A mesma fonte explica que a legislação actual, de 1971, só permite a aquisição de terras a estrangeiros residentes no Brasil, empresas já autorizadas a funcionar no país ou empresas brasileiras cuja maioria do capital social pertença a estrangeiros.
A proposta agora aprovada no Senado baixa a fasquia das exigências, contemplando pessoas físicas e empresas estabelecidas fora do território brasileiro e mesmo sem sede no Brasil. O aval para negociação caberá ao Conselho de Defesa Nacional.
Antes da votação, o Partido dos Trabalhadores (PT) ainda apresentou uma proposta para retirar o projecto da agenda, mas esta foi rejeitada por 35 votos contra 20.
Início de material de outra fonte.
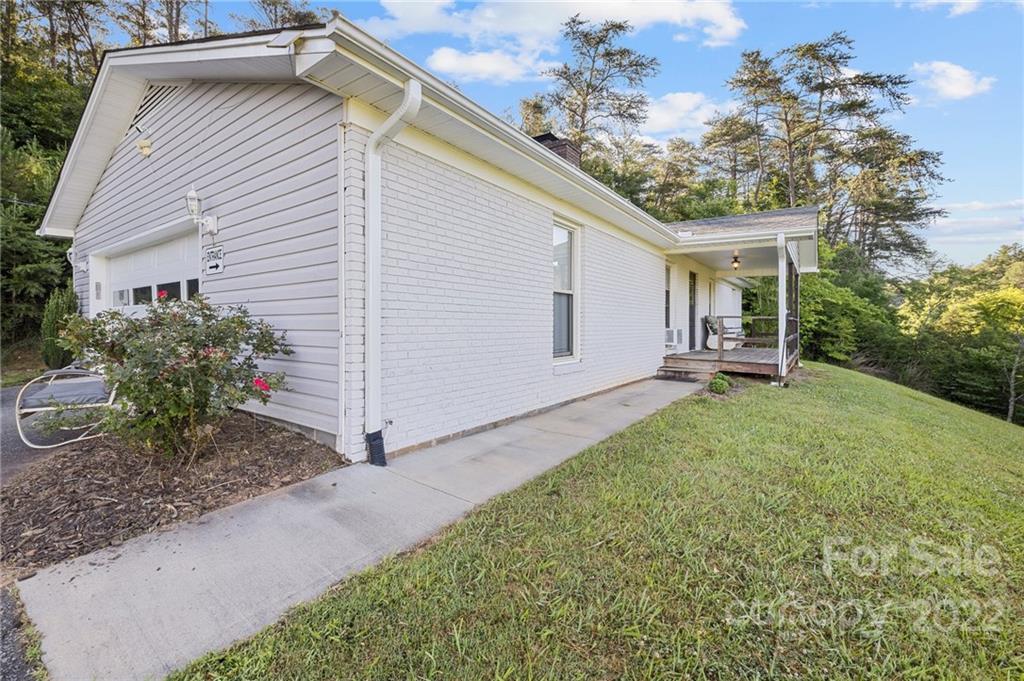 1 Beechwood Knoll Road Weaverville NC 28787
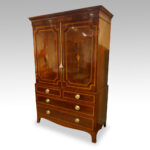 Georgian mahogany linen press - Image 9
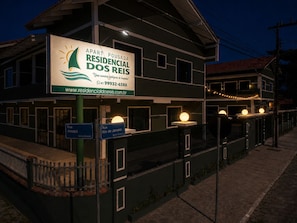 A two-story building with a sign advertising 'Apart Pousada Residencial Dos Reis.' - Residencial dos Reis (São Francisco do Sul)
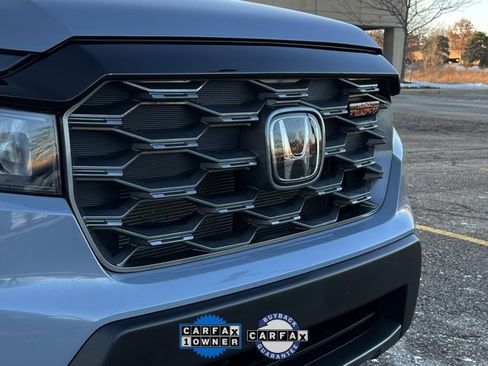 Certified 2025 Honda Passport TrailSport image 11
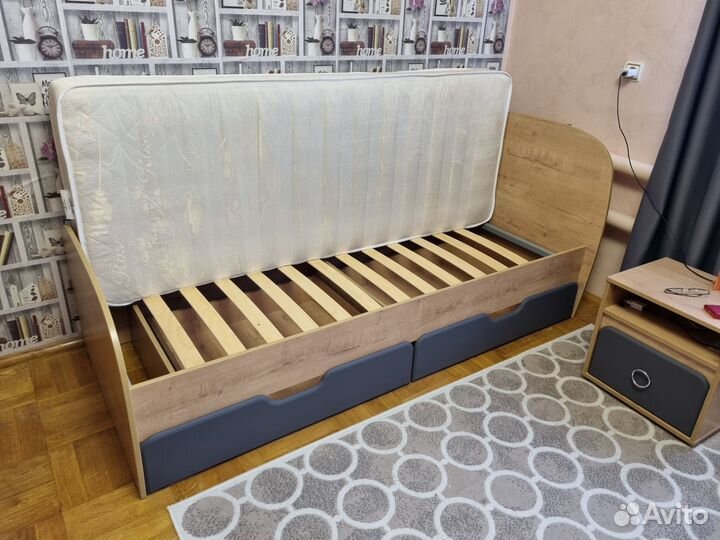 Кровать односпальная с матрасом бу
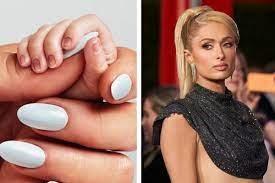 Paris Hilton da la bienvenida a su primer bebé Paris Hilton da la bienvenida a su primer bebé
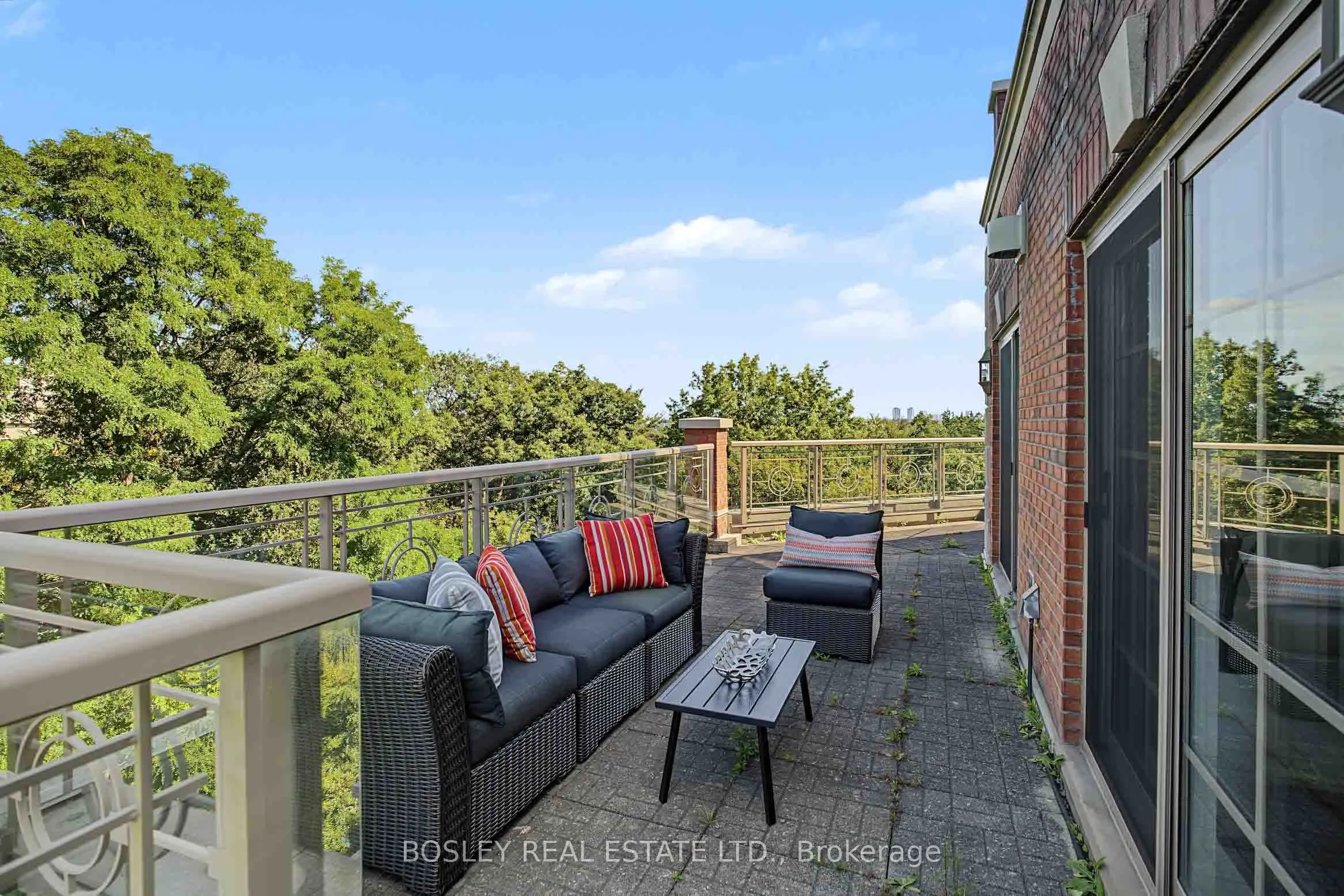 21 Burkebrook Place #504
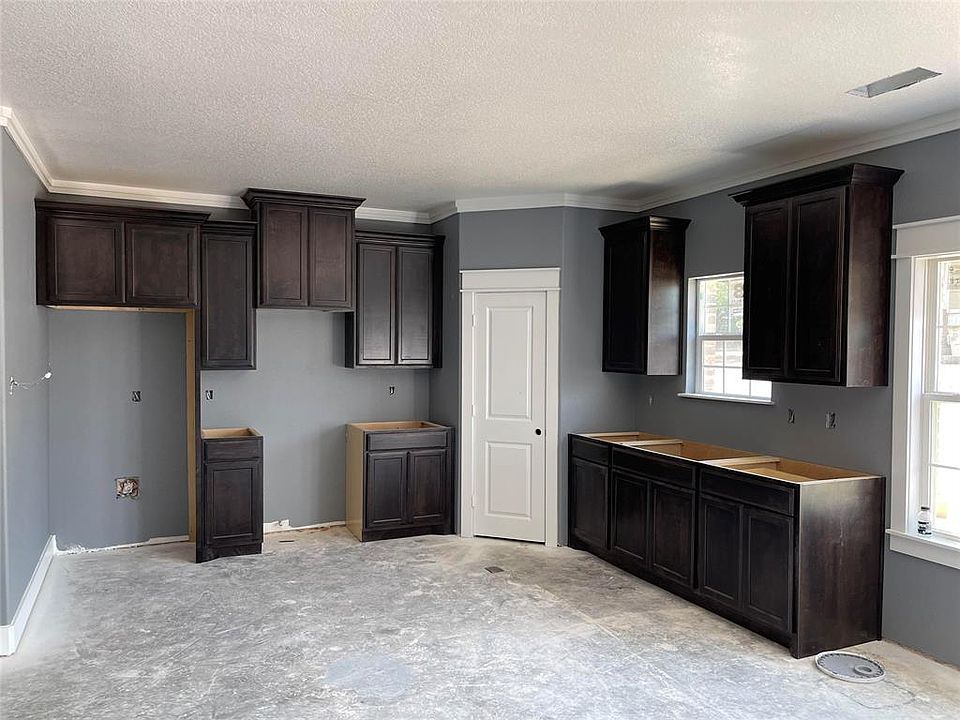 2nd image of 3444 Sheldon Ave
«Somos o maior produtor de grãos do mundo, mas nós estamos vivendo inflação, picos inflacionários por falta de determinados produtos, em função da ocupação da terra somente para a produção de commodity. Imagine se a gente entregar 25% do nosso território para estrangeiros?», questionou o senador Rogério Carvalho (do PT de Sergipe). «Nem estou falando da questão da soberania, que é outro debate. Eu estou falando de ter comida na mesa, da capacidade de fazermos da terra um instrumento de distribuição de riqueza neste país», frisou.
Agronegócio, aumento dos custos de produção, ameaça à segurança alimentar
Entidades ligadas ao agronegócio – o autor da proposta é o senador Irajá Abreu (do Partido Social Democrático), que integra a chamada bancada ruralista – referem que a abertura deste mercado poderá gerar receitas que rondam os oito mil milhões de euros.
«Investimentos estrangeiros significam aumento da demanda por terra e tendem a puxar os preços das terras para cima. Isto tornará a produção mais cara, afinal a terra é um componente importante dos custos de produção», disse Sérgio Sauer, professor da Universidade de Brasília e investigador de temas ligados à reforma agrária, terra e território, numa entrevista ao Brasil de Fato na altura da apresentação do projecto, em Setembro de 2019.
Por seu lado, Alexandre Conceição, da coordenação nacional do Movimento dos Trabalhadores Rurais Sem Terra (MST), alertou para os riscos que a liberalização traz não só para a soberania, mas também para a segurança alimentar dos brasileiros.
«Temos 100 milhões de hectares de terras agricultáveis e 4,5 milhões de sem-terra. Portanto, não [é preciso] devastar, não [é preciso] pôr fogo na Amazónia: basta distribuir a área [pelos] sem-terra para a gente produzir alimentos saudáveis, protegendo a natureza, dentro da agroecologia», disse.
«O programa do governo actual é desfazer tudo o que a Constituição de 1988 fez, que é garantir a função social da propriedade da terra e a soberania nacional», denunciou.